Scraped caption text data
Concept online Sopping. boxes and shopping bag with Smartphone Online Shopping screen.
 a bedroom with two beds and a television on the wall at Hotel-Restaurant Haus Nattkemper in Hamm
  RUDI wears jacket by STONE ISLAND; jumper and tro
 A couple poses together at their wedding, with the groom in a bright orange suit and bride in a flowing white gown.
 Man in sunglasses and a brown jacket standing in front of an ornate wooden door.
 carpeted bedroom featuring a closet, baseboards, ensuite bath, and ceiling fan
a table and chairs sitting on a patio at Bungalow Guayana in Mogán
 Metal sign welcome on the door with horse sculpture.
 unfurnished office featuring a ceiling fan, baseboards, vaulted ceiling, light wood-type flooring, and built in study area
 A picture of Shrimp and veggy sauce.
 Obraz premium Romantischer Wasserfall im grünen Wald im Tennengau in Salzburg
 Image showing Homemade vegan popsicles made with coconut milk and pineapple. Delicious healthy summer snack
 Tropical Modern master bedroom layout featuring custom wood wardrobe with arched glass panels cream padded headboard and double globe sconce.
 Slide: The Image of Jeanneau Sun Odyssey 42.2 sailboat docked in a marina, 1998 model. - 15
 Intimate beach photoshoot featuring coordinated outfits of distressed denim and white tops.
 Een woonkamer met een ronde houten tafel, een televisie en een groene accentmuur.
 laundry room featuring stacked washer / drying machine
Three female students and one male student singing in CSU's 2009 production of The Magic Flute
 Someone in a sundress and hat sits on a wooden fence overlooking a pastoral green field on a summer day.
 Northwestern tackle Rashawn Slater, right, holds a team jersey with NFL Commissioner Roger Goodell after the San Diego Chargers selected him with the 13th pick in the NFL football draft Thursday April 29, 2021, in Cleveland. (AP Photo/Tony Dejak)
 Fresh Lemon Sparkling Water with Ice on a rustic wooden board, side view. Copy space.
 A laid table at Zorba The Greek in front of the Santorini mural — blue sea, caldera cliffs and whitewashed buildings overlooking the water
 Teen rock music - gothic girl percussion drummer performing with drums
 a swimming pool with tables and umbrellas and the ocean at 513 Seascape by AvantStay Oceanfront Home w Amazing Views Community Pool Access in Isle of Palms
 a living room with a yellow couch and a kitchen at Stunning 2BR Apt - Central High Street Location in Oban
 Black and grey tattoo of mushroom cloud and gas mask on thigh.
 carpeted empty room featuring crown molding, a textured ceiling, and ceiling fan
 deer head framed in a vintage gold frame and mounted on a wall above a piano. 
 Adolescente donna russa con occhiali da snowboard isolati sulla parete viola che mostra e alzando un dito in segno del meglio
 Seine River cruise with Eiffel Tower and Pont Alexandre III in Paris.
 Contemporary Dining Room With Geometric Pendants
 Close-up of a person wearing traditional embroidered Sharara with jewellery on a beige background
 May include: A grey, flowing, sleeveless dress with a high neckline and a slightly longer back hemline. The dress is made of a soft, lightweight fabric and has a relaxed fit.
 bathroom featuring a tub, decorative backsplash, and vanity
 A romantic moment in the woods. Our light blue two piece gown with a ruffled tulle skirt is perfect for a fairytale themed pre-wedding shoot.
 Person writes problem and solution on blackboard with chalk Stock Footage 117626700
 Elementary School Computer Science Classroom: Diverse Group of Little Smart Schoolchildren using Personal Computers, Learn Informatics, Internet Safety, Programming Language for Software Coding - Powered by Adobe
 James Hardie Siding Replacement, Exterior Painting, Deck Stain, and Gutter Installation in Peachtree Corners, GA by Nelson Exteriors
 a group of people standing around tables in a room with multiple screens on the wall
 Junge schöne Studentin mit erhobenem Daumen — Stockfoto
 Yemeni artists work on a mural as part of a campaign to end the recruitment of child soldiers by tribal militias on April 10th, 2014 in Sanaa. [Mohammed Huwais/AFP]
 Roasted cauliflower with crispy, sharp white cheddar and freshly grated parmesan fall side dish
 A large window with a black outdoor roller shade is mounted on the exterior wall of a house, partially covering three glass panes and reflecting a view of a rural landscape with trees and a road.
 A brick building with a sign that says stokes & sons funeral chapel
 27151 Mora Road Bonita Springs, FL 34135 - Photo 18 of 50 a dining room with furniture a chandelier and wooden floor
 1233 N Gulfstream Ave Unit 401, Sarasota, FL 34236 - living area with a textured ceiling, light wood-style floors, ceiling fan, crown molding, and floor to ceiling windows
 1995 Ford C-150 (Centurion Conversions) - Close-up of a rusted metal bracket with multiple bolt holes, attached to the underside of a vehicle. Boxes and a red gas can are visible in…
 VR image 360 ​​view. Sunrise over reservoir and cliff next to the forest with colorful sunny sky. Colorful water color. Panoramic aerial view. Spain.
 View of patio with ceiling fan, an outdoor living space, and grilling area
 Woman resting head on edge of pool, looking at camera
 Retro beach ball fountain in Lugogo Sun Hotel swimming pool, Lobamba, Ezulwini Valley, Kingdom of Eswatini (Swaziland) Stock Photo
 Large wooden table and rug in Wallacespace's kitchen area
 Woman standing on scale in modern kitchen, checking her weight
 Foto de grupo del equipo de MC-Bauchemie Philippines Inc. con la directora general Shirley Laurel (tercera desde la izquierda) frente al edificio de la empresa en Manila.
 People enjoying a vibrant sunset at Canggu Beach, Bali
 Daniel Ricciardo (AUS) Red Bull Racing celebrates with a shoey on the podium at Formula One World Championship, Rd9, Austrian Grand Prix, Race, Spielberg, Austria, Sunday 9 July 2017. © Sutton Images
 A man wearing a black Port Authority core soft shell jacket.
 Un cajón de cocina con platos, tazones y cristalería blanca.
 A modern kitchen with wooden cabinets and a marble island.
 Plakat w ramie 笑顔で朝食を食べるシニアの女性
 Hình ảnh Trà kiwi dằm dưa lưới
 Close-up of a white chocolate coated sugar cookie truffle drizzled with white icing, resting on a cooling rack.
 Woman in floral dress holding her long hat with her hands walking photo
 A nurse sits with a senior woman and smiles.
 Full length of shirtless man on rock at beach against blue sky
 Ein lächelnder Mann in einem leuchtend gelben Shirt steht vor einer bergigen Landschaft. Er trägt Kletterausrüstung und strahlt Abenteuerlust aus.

Work task
Transcribe all of the entries without alteration.

Solved problem
Concept online Sopping. boxes and shopping bag with Smartphone Online Shopping screen.
 a bedroom with two beds and a television on the wall at Hotel-Restaurant Haus Nattkemper in Hamm
  RUDI wears jacket by STONE ISLAND; jumper and tro
 A couple poses together at their wedding, with the groom in a bright orange suit and bride in a flowing white gown.
 Man in sunglasses and a brown jacket standing in front of an ornate wooden door.
 carpeted bedroom featuring a closet, baseboards, ensuite bath, and ceiling fan
a table and chairs sitting on a patio at Bungalow Guayana in Mogán
 Metal sign welcome on the door with horse sculpture.
 unfurnished office featuring a ceiling fan, baseboards, vaulted ceiling, light wood-type flooring, and built in study area
 A picture of Shrimp and veggy sauce.
 Obraz premium Romantischer Wasserfall im grünen Wald im Tennengau in Salzburg
 Image showing Homemade vegan popsicles made with coconut milk and pineapple. Delicious healthy summer snack
 Tropical Modern master bedroom layout featuring custom wood wardrobe with arched glass panels cream padded headboard and double globe sconce.
 Slide: The Image of Jeanneau Sun Odyssey 42.2 sailboat docked in a marina, 1998 model. - 15
 Intimate beach photoshoot featuring coordinated outfits of distressed denim and white tops.
 Een woonkamer met een ronde houten tafel, een televisie en een groene accentmuur.
 laundry room featuring stacked washer / drying machine
Three female students and one male student singing in CSU's 2009 production of The Magic Flute
 Someone in a sundress and hat sits on a wooden fence overlooking a pastoral green field on a summer day.
 Northwestern tackle Rashawn Slater, right, holds a team jersey with NFL Commissioner Roger Goodell after the San Diego Chargers selected him with the 13th pick in the NFL football draft Thursday April 29, 2021, in Cleveland. (AP Photo/Tony Dejak)
 Fresh Lemon Sparkling Water with Ice on a rustic wooden board, side view. Copy space.
 A laid table at Zorba The Greek in front of the Santorini mural — blue sea, caldera cliffs and whitewashed buildings overlooking the water
 Teen rock music - gothic girl percussion drummer performing with drums
 a swimming pool with tables and umbrellas and the ocean at 513 Seascape by AvantStay Oceanfront Home w Amazing Views Community Pool Access in Isle of Palms
 a living room with a yellow couch and a kitchen at Stunning 2BR Apt - Central High Street Location in Oban
 Black and grey tattoo of mushroom cloud and gas mask on thigh.
 carpeted empty room featuring crown molding, a textured ceiling, and ceiling fan
 deer head framed in a vintage gold frame and mounted on a wall above a piano. 
 Adolescente donna russa con occhiali da snowboard isolati sulla parete viola che mostra e alzando un dito in segno del meglio
 Seine River cruise with Eiffel Tower and Pont Alexandre III in Paris.
 Contemporary Dining Room With Geometric Pendants
 Close-up of a person wearing traditional embroidered Sharara with jewellery on a beige background
 May include: A grey, flowing, sleeveless dress with a high neckline and a slightly longer back hemline. The dress is made of a soft, lightweight fabric and has a relaxed fit.
 bathroom featuring a tub, decorative backsplash, and vanity
 A romantic moment in the woods. Our light blue two piece gown with a ruffled tulle skirt is perfect for a fairytale themed pre-wedding shoot.
 Person writes problem and solution on blackboard with chalk Stock Footage 117626700
 Elementary School Computer Science Classroom: Diverse Group of Little Smart Schoolchildren using Personal Computers, Learn Informatics, Internet Safety, Programming Language for Software Coding - Powered by Adobe
 James Hardie Siding Replacement, Exterior Painting, Deck Stain, and Gutter Installation in Peachtree Corners, GA by Nelson Exteriors
 a group of people standing around tables in a room with multiple screens on the wall
 Junge schöne Studentin mit erhobenem Daumen — Stockfoto
 Yemeni artists work on a mural as part of a campaign to end the recruitment of child soldiers by tribal militias on April 10th, 2014 in Sanaa. [Mohammed Huwais/AFP]
 Roasted cauliflower with crispy, sharp white cheddar and freshly grated parmesan fall side dish
 A large window with a black outdoor roller shade is mounted on the exterior wall of a house, partially covering three glass panes and reflecting a view of a rural landscape with trees and a road.
 A brick building with a sign that says stokes & sons funeral chapel
 27151 Mora Road Bonita Springs, FL 34135 - Photo 18 of 50 a dining room with furniture a chandelier and wooden floor
 1233 N Gulfstream Ave Unit 401, Sarasota, FL 34236 - living area with a textured ceiling, light wood-style floors, ceiling fan, crown molding, and floor to ceiling windows
 1995 Ford C-150 (Centurion Conversions) - Close-up of a rusted metal bracket with multiple bolt holes, attached to the underside of a vehicle. Boxes and a red gas can are visible in…
 VR image 360 ​​view. Sunrise over reservoir and cliff next to the forest with colorful sunny sky. Colorful water color. Panoramic aerial view. Spain.
 View of patio with ceiling fan, an outdoor living space, and grilling area
 Woman resting head on edge of pool, looking at camera
 Retro beach ball fountain in Lugogo Sun Hotel swimming pool, Lobamba, Ezulwini Valley, Kingdom of Eswatini (Swaziland) Stock Photo
 Large wooden table and rug in Wallacespace's kitchen area
 Woman standing on scale in modern kitchen, checking her weight
 Foto de grupo del equipo de MC-Bauchemie Philippines Inc. con la directora general Shirley Laurel (tercera desde la izquierda) frente al edificio de la empresa en Manila.
 People enjoying a vibrant sunset at Canggu Beach, Bali
 Daniel Ricciardo (AUS) Red Bull Racing celebrates with a shoey on the podium at Formula One World Championship, Rd9, Austrian Grand Prix, Race, Spielberg, Austria, Sunday 9 July 2017. © Sutton Images
 A man wearing a black Port Authority core soft shell jacket.
 Un cajón de cocina con platos, tazones y cristalería blanca.
 A modern kitchen with wooden cabinets and a marble island.
 Plakat w ramie 笑顔で朝食を食べるシニアの女性
 Hình ảnh Trà kiwi dằm dưa lưới
 Close-up of a white chocolate coated sugar cookie truffle drizzled with white icing, resting on a cooling rack.
 Woman in floral dress holding her long hat with her hands walking photo
 A nurse sits with a senior woman and smiles.
 Full length of shirtless man on rock at beach against blue sky
 Ein lächelnder Mann in einem leuchtend gelben Shirt steht vor einer bergigen Landschaft. Er trägt Kletterausrüstung und strahlt Abenteuerlust aus.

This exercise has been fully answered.